• [ASSIGNMENT]:
Omit every picture, and retype the lines that run from the beginning of the data below through the line containing "Jungfrau Bahn im", inclusive.

• [DATA FOR THIS EXERCISE]:

+ + + +

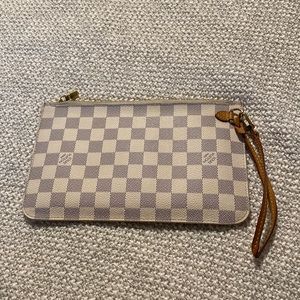 Louis Vuitton Pochette
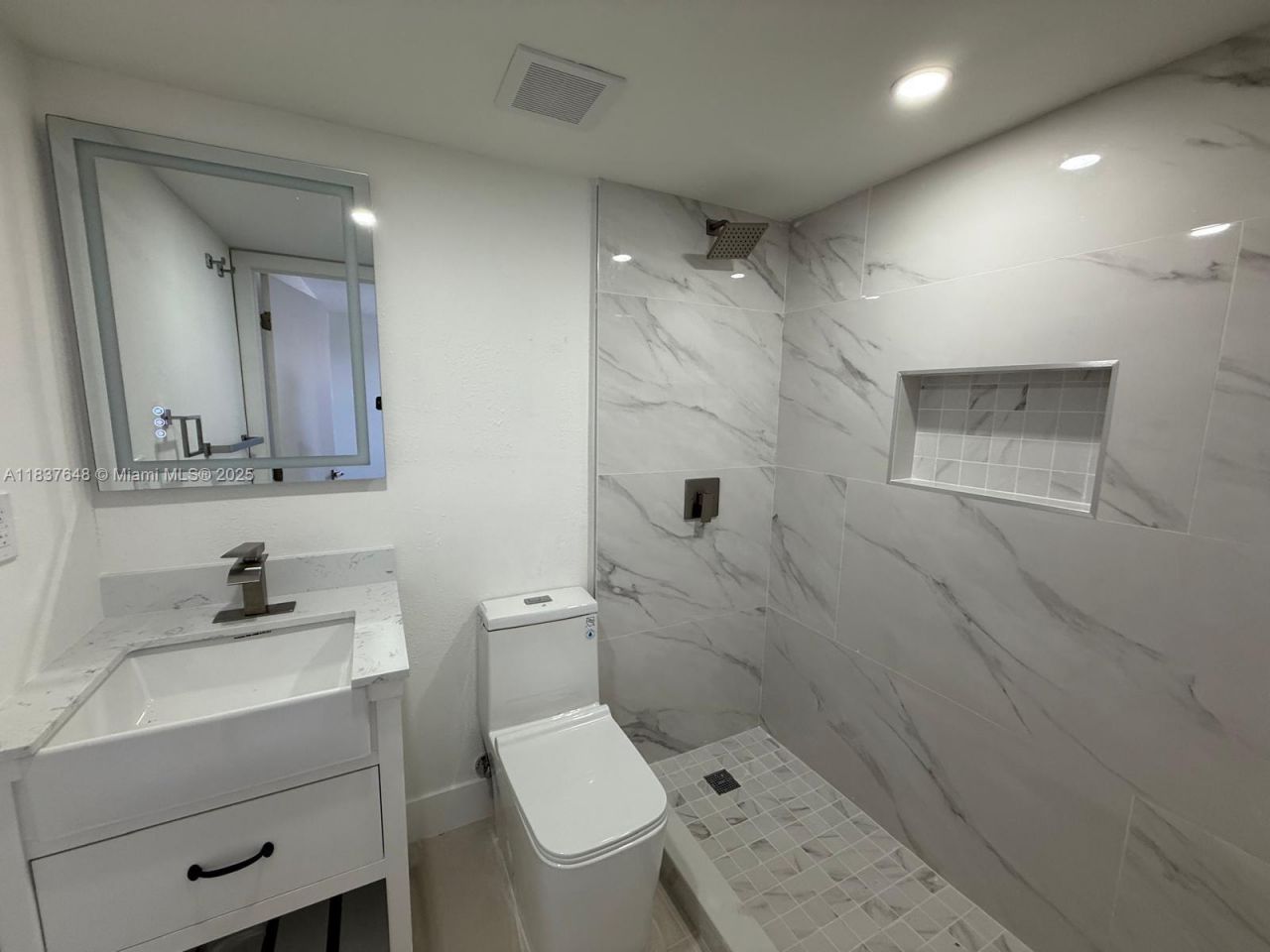 1494 W 34th St, Riviera Beach, FL 33404 Photo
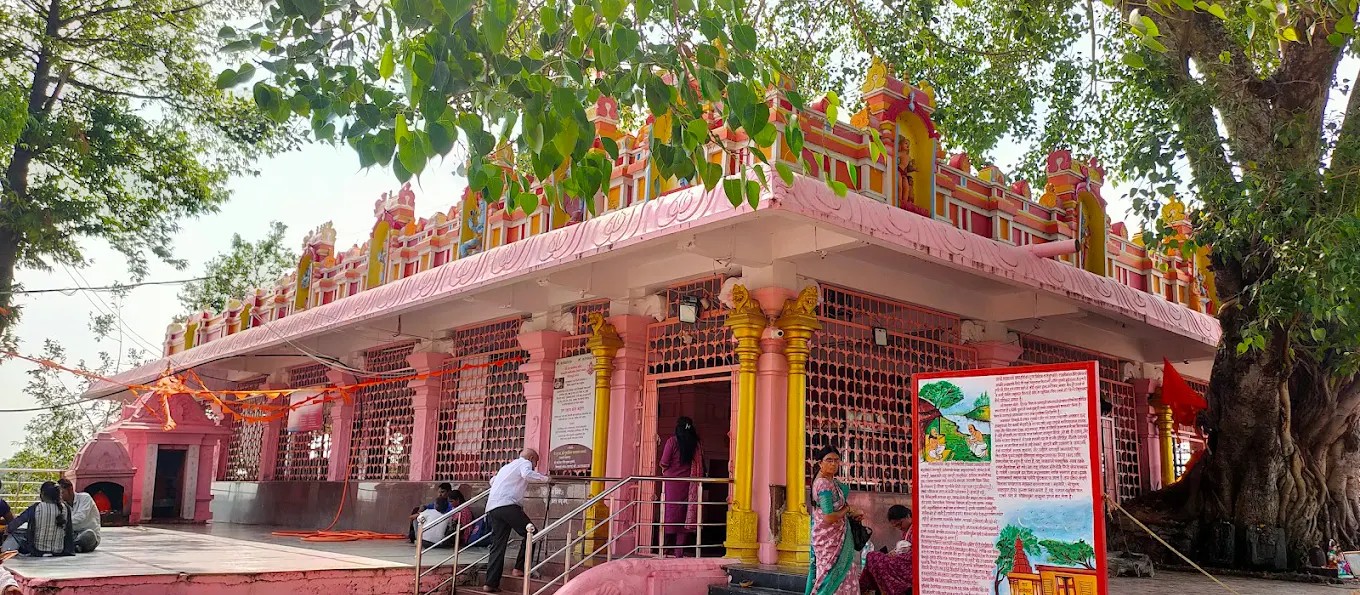 ISKCON Sri Sri Radha Madan Gopal Mandir - Nashik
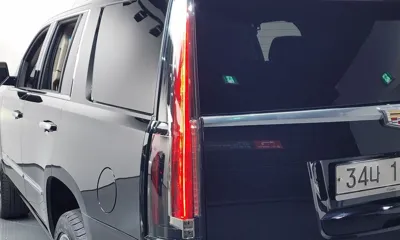 Cadillac Escalade 2018, 55418 км, за 36900000 KRW - фото 23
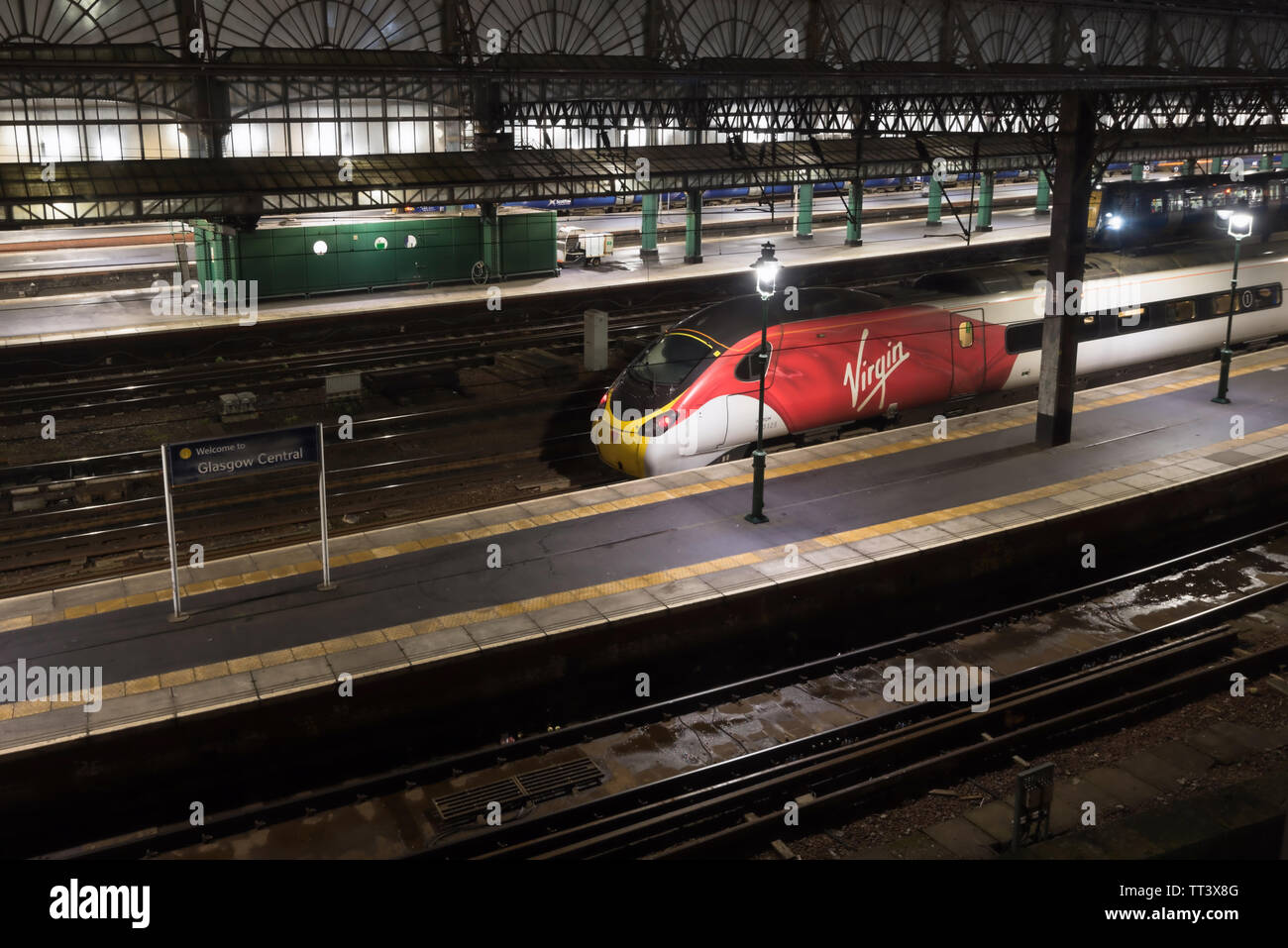 Jungfrau Bahn im Hauptbahnhof von Glasgow, Schottland warten nach Süden, nach England zu Kopf Stockfoto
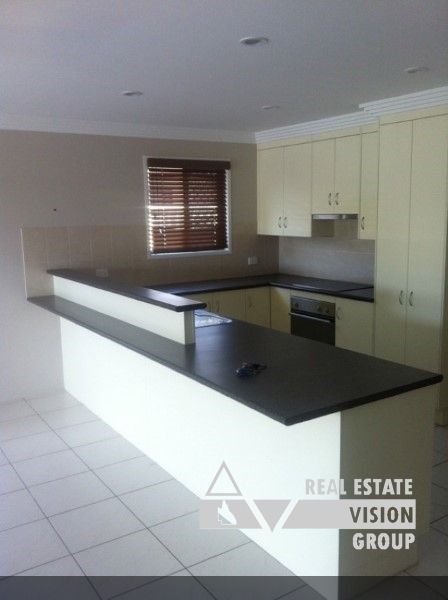 Unit 1/2 Baird St, Emerald QLD 4720, Image 2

+ + + +

• [REPLY]:
 Louis Vuitton Pochette
 1494 W 34th St, Riviera Beach, FL 33404 Photo
 ISKCON Sri Sri Radha Madan Gopal Mandir - Nashik
 Cadillac Escalade 2018, 55418 км, за 36900000 KRW - фото 23
 Jungfrau Bahn im Hauptbahnhof von Glasgow, Schottland warten nach Süden, nach England zu Kopf Stockfoto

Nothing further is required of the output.